Twenty-four hours a day, seven days a week, Airbus’s recently opened customer care center serves as a “mission control” facility to support more than 1,000 clients worldwide, including airlines, lessors, and repair organizations. The facility, which has been optimized for team integration through open-plan spaces and shared-use areas, has as its focal point a multidisciplinary room on the ground floor, twice the size of its predecessor, where specialists respond to aircraft-on-ground (AOG) occurrences within five hours.

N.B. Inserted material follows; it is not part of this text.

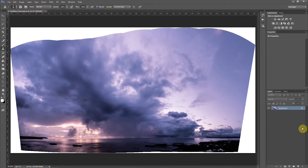Hey Mandy, here's a quick demonstration I promised you on how to fix the problem in the horizon lines when we merge panoramas and get those little glitches. This is the panorama that I merged using the 10 images that Ron posted in the cohort, and it has a glitch down here in this area.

Each year, Airbus fields 100,000 service requests, of which around 90% are for routine support and classified as “non-urgent.” However, the remaining 10% of calls to the Airbus Technical Aircraft on Ground Centre (AIRTAC) team are often a vital lifeline to resolve an AOG issue not yet covered in published documentation. Of these, 55% are typically structural, 42% systems-related, and 3% classed as “abnormal.”
Although AIRTAC can solve around half of the problems on-site (supported by a sister center in China), Gilles de Cevins, Airbus’s head of in-service engineering, said the manufacturer is publishing more technical solutions to advance customer autonomy. Artificial intelligence has an increasing role to play in the search for accelerated resolutions, but he stressed that engineers will always decide on the action to take.
Cristina Aguilar Grieder, Airbus Services’ senior vice president, told reporters during a tour last week that she aims for the new facility become “one of the key reasons customers come back [to Airbus].” Alongside time-critical technical support, the center and its global network of partners provides services across the entire lifecycle of an aircraft, fulfilling the manufacturer’s support obligations while offering additional paid-for parts, training, and digital solutions.
With the 2,000 Airbus aircraft operating today set to surpass 18,000 in 2030, Airbus’s 8,600 customer care employees are set to get busier.